Entrepreneurs: Learn to Improve Processes Without Adding Bureaucracy

Last Updated Sep 22, 2010 1:08 PM EDT

Process ImprovementBureaucratic organizations are inefficient, expensive, and sluggish. Most government agencies are a testament to that. Nevertheless, organizations need effective processes and procedures to grow.

Finding the right balance and knowing when it's time for a change are two of the biggest challenges every successful entrepreneur and business leader faces.

For example, when companies are small, decisions can be made on-the-fly with minimal concern. A couple of guys chat in the hallway and, voila, a new product feature is born. And that's a good thing. The more flexible and nimble a startup is, the better its chance of making it.

But as companies grow, negative repercussions of ad-hoc decision-making begin to appear. For example, growing companies are often plagued by miscommunication, frequent changes in direction (strategy du jour), or the reverse, analysis paralysis.

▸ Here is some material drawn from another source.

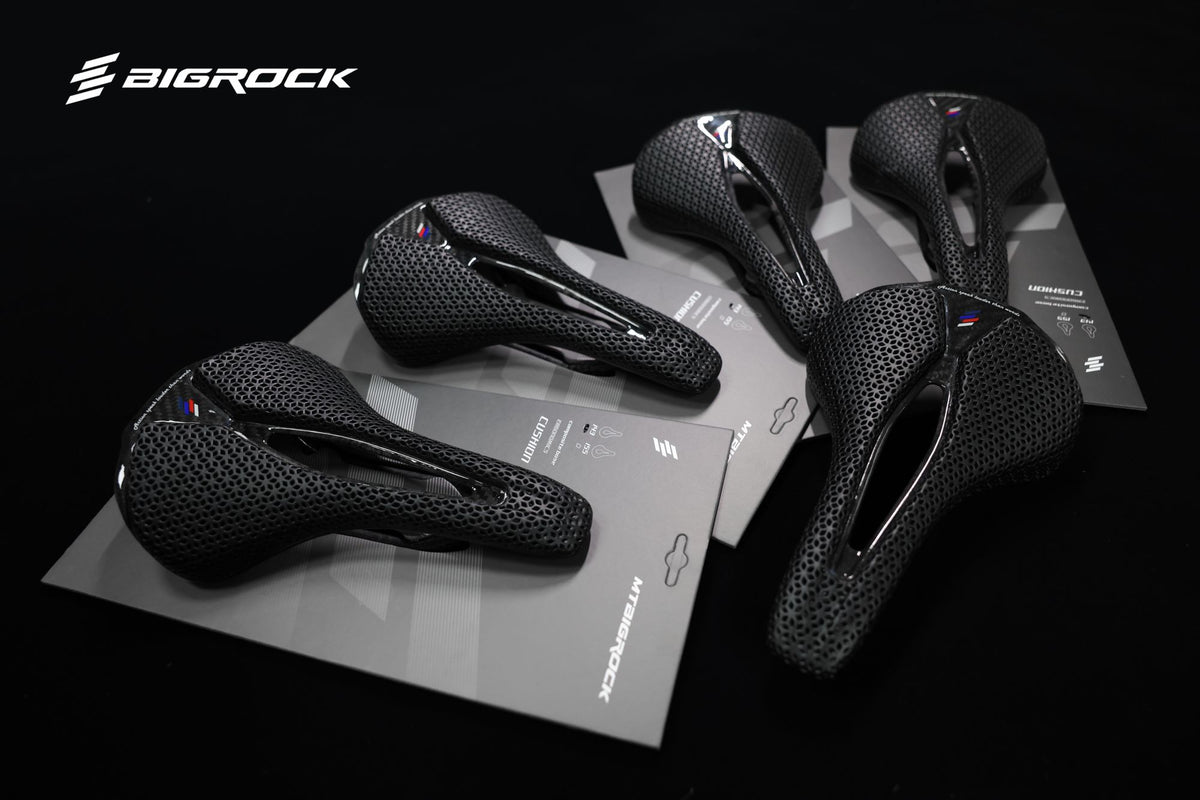 Sella 3D in carbonio - Bigrock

Decision-making is just an example of a broad range of ad-hoc processes that falter as companies grow.

There inevitably comes a time when leaders must introduce structure and procedures to enable their company to scale. If they overdo it, they run the risk of adding unnecessary bureaucracy. But if they do nothing for fear of losing flexibility or screwing up what already works, the problem only gets worse.

Over the years, I've worked with and observed dozens of companies that hit a wall because they didn't recognize the signs of growing pains or failed to take action to improve the company's scalability. Here's some guidance that will help you navigate the fine line between chaos and bureaucracy:

First, Learn to recognize the signs. Dysfunctional decision making, miscommunication, and goal misalignment are all signs that a company's processes are not keeping pace with its growth. Here are just a handful of examples:

  • Persistent and disruptive strategy changes without key stakeholders present.
  • Constant debate over critical issues with no real resolution or agreed-upon plan.
  • Plans are agreed upon but some groups follow them while others don't.
  • Sales says customers want A, marketing requirements say B, product development is designing C, manufacturing is planning for D.
  • Product gluts or shortfalls due to inaccurate and unreliable forecasting.
  • Miscommunication between management levels, i.e. middle managers are constantly blindsided by "new" information, plans, decisions from above.
  • The same as above but in reverse, between geographies, etc.
  • Consistent budget misses in either direction.
  • Support organizations like HR and IT are constantly overwhelmed.
Second, improve processes without adding bureaucracy. This is where the rubber meets the road and yes, it's more art than science. Here are five artful tips:
  • Don't fix what isn't broken. If everything's humming along just fine, i.e. you're not seeing the above signs, leave it alone. Take it process by process as opposed to an across-the-board overhaul.
  • Make all key stakeholders part of the change process. Don't impose procedures on key stakeholders without giving them a chance to weigh in and approve the change. We're not talking lip-service here; we're talking "integral part of the process."
  • Never add procedures because a consultant or some other disinterested party says you should. Always challenge the risks-benefits potential of any change.
  • Think evolutionary change versus revolutionary change. If you keep that concept in mind, it will help you improve your processes without losing the entrepreneurial cultural that got your company to where it is in the first place.
  • Change is significant; don't outsource it. Entrepreneurs need to understand that change is necessary and significant. Don't be afraid of it and don't outsource it. Instead, embrace it, respect it, get ahead of it and lead. That doesn't mean you shouldn't seek outside expertise, just don't let it get out of control.